For whom the Belgian Tolls

The Ecuadors of Perception

Kurdsong

East of Sweden

Ghana Karenina

Dane Eyre

Dutch ado about Nothing

Taiwan Flew Over the Cuckoo's Nest

As the Croat Flies


Which reminds me, it's at least four and a half blog posts since I mentioned that novel in translation which I have most recently read.
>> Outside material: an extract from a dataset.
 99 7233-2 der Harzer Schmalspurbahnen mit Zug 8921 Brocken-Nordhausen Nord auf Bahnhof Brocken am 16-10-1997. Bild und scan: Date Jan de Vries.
So, in the cause of snapping our parochial fetters and fostering a spirit of international progression and bonhomie, and not at all because I am working part-time for the publisher, let me again direct your book-buying pennies towards The Scream, by Laurent Graff.  Resisting the temptation to say that it's printed on Graff paper, I will simply observe that for those of you - and I know you are legion - who have been clamouring for a book the hero of which is  (or at least claims to be) a motorway toll-booth operator, your time has come.

Bonsoir.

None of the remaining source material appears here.